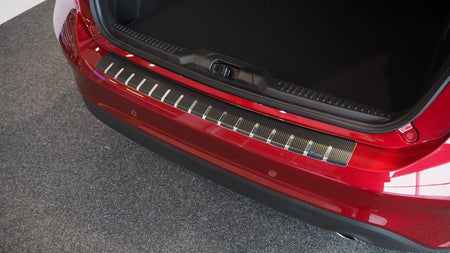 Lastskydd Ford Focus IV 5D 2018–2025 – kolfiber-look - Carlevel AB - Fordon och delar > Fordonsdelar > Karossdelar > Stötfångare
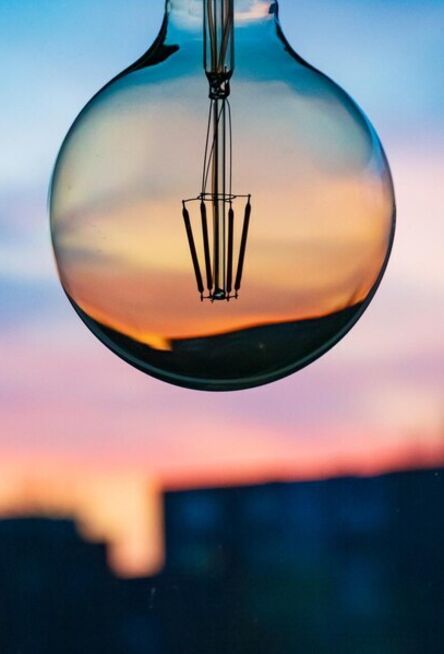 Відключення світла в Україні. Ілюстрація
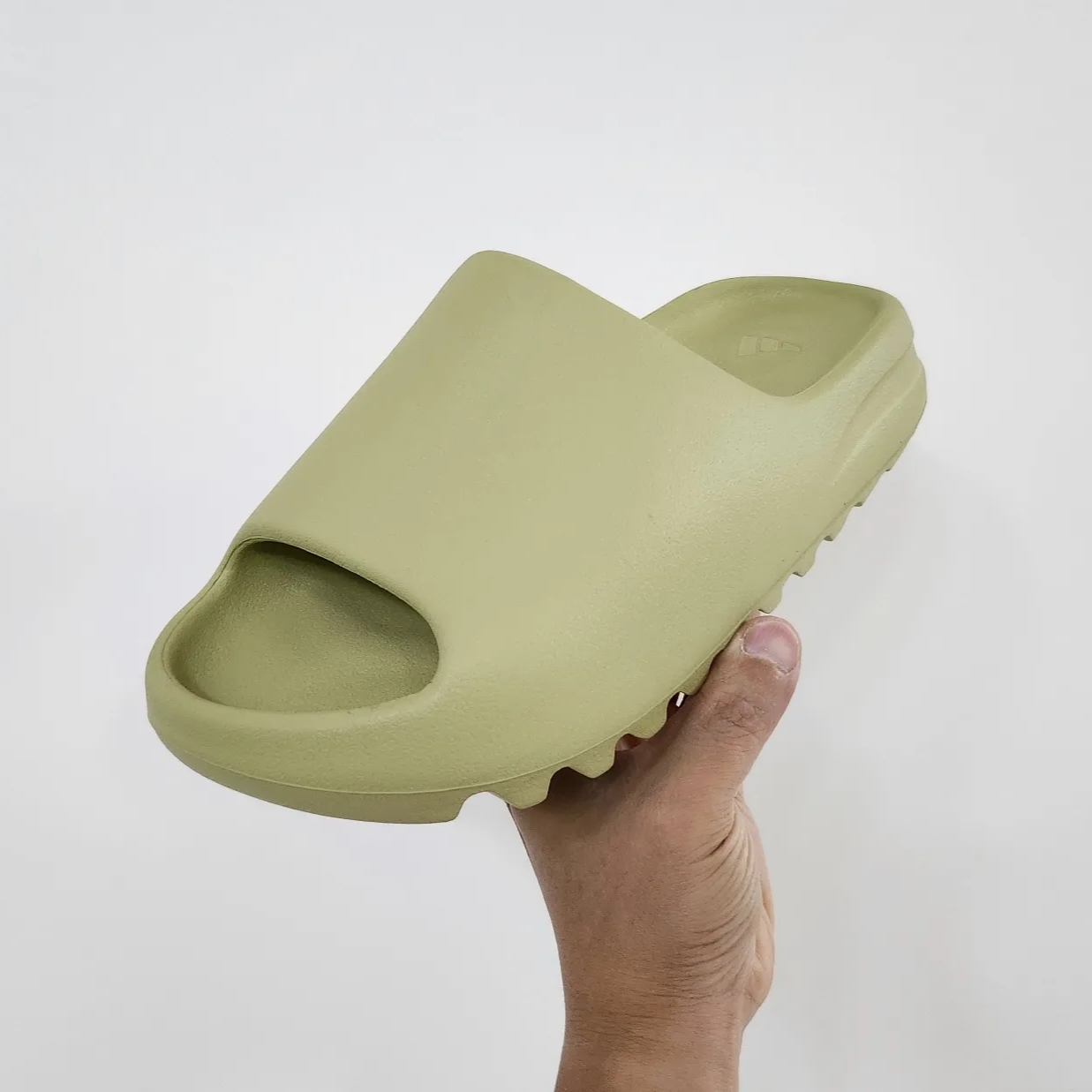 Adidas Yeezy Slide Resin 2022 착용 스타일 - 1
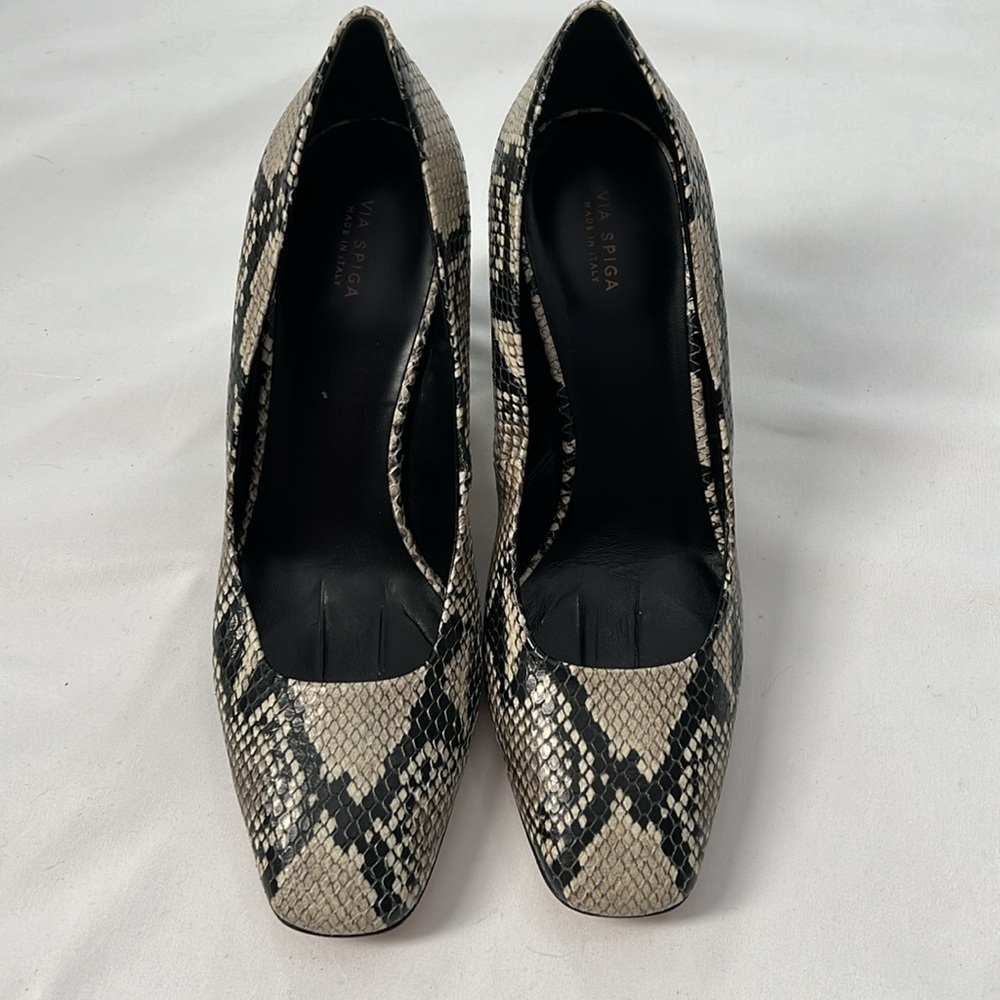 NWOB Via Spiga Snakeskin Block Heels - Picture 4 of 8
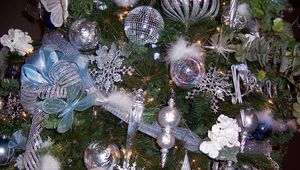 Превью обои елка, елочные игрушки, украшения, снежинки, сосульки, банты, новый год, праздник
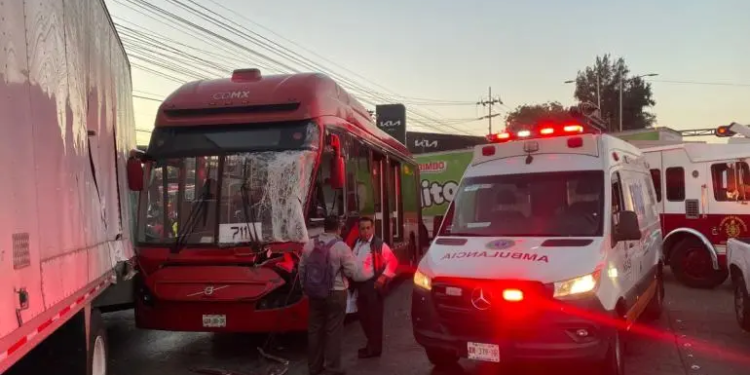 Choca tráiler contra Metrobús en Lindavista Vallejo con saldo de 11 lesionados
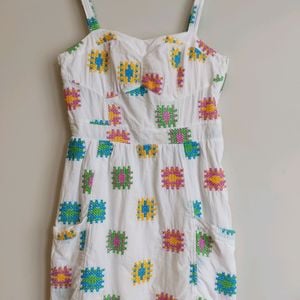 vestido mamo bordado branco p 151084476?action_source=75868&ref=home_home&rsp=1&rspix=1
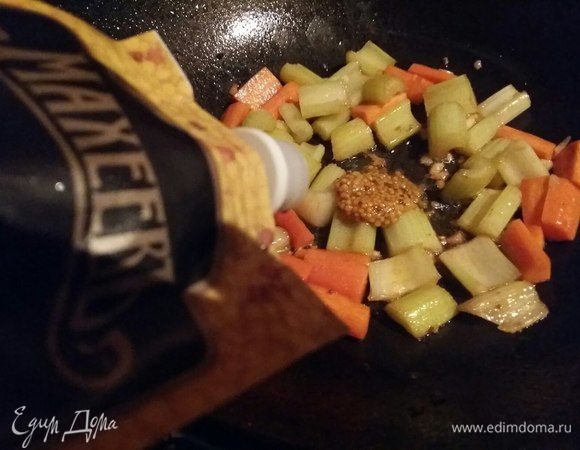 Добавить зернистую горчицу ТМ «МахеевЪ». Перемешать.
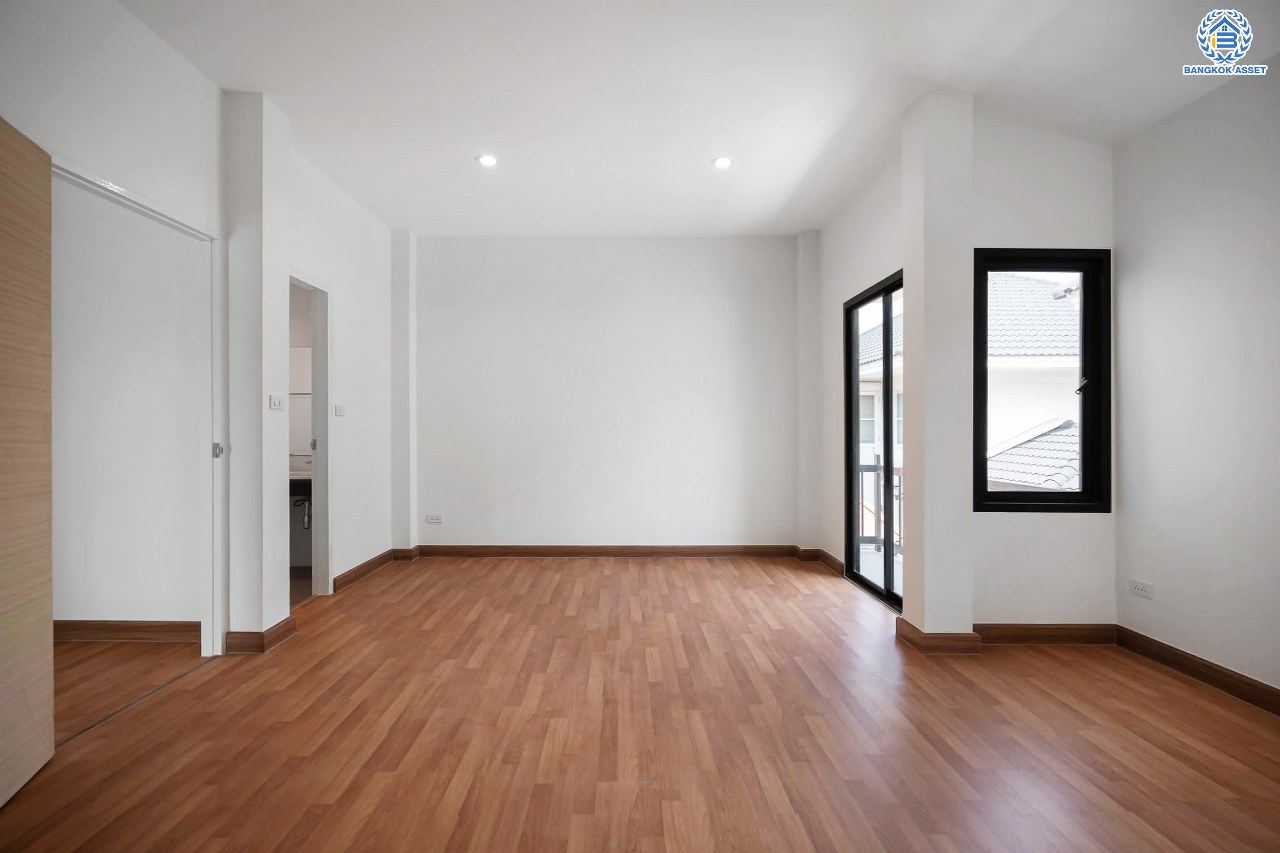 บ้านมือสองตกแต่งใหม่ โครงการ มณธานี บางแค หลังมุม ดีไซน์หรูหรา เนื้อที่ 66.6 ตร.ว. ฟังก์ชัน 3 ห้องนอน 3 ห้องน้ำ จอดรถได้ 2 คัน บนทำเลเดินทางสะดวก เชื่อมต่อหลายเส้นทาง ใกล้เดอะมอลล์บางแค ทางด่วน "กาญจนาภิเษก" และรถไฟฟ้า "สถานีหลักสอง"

* _About this exercise_:
Leave out the pictures and repeat exactly the lines from the first line of the data through the line containing "vestido mamo bordado". Add nothing else.

* _Output of the task_:
 Lastskydd Ford Focus IV 5D 2018–2025 – kolfiber-look - Carlevel AB - Fordon och delar > Fordonsdelar > Karossdelar > Stötfångare
 Відключення світла в Україні. Ілюстрація
 Adidas Yeezy Slide Resin 2022 착용 스타일 - 1
 NWOB Via Spiga Snakeskin Block Heels - Picture 4 of 8
 Превью обои елка, елочные игрушки, украшения, снежинки, сосульки, банты, новый год, праздник
 Choca tráiler contra Metrobús en Lindavista Vallejo con saldo de 11 lesionados
 vestido mamo bordado branco p 151084476?action_source=75868&ref=home_home&rsp=1&rspix=1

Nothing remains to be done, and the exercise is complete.